Required work: Everything from the line containing "Hombre joven con" through the final line of the entries, both included, should be copied exactly and with nothing else; please skip pictures.
.....
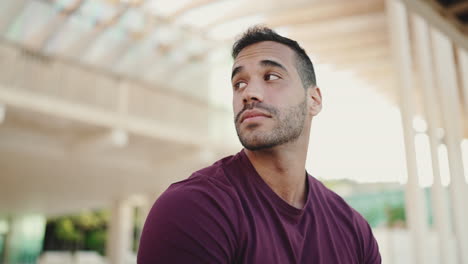 Young-man-looking-around-while-sitting-outdoors.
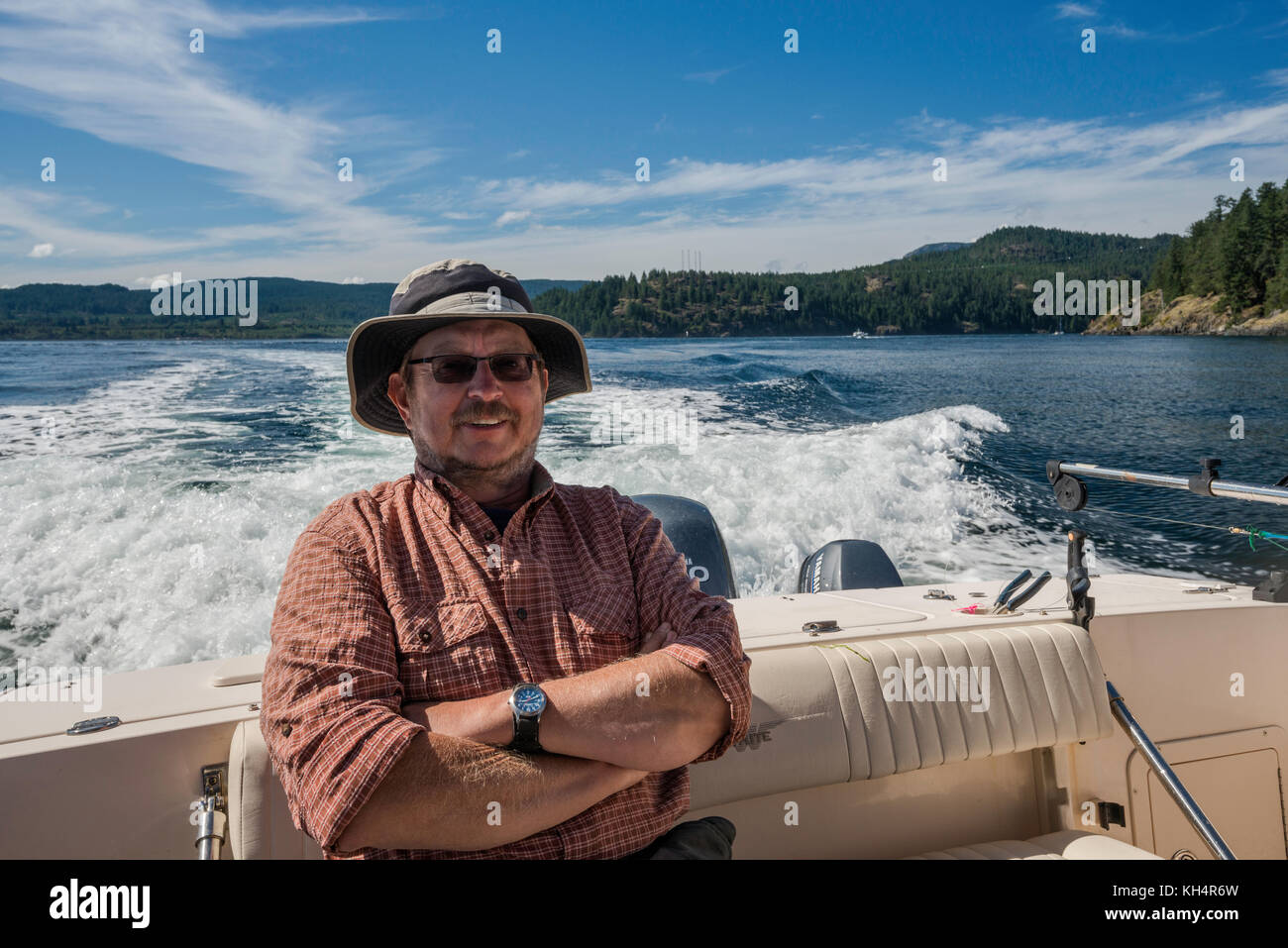 Mann mittleren Alters, der in einem Schnellboot sitzt und von einem Angelausflug zurückkehrt, in der Johnstone Strait vor Vancouver Island, British Columbia, Kanada Stockfoto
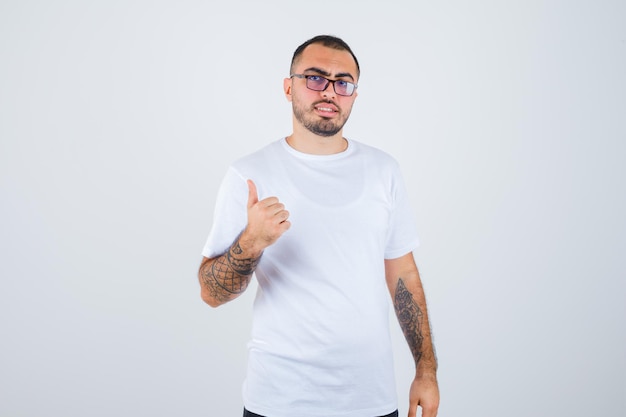 Hombre joven con gafas y mostrando el pulgar hacia arriba en camiseta blanca y pantalón negro y mirando feliz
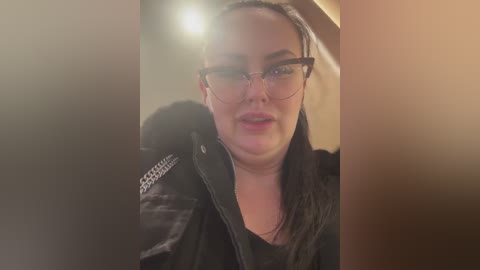 Media: Video of a middle-aged woman with glasses, wearing a black jacket, indoors with soft lighting.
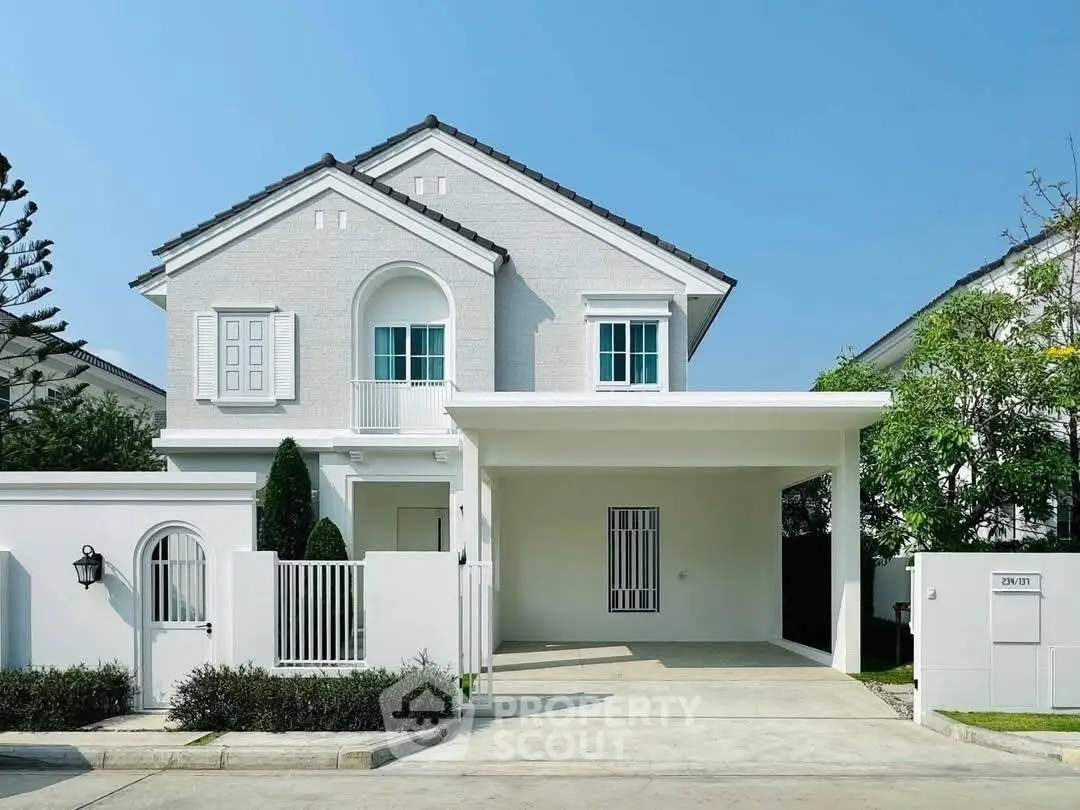 Charming white two-story house with modern design and spacious driveway.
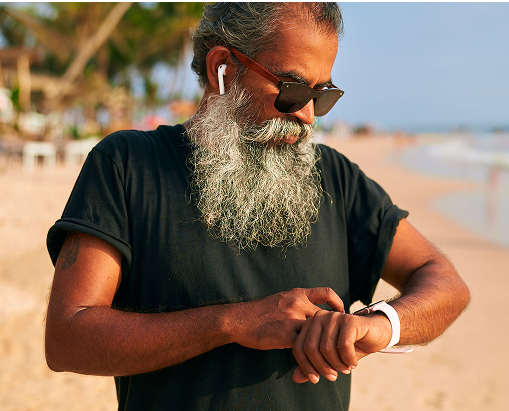 An older man checks his smart watch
.....
Solution to this task:
 Hombre joven con gafas y mostrando el pulgar hacia arriba en camiseta blanca y pantalón negro y mirando feliz
 Media: Video of a middle-aged woman with glasses, wearing a black jacket, indoors with soft lighting.
 Charming white two-story house with modern design and spacious driveway.
 An older man checks his smart watch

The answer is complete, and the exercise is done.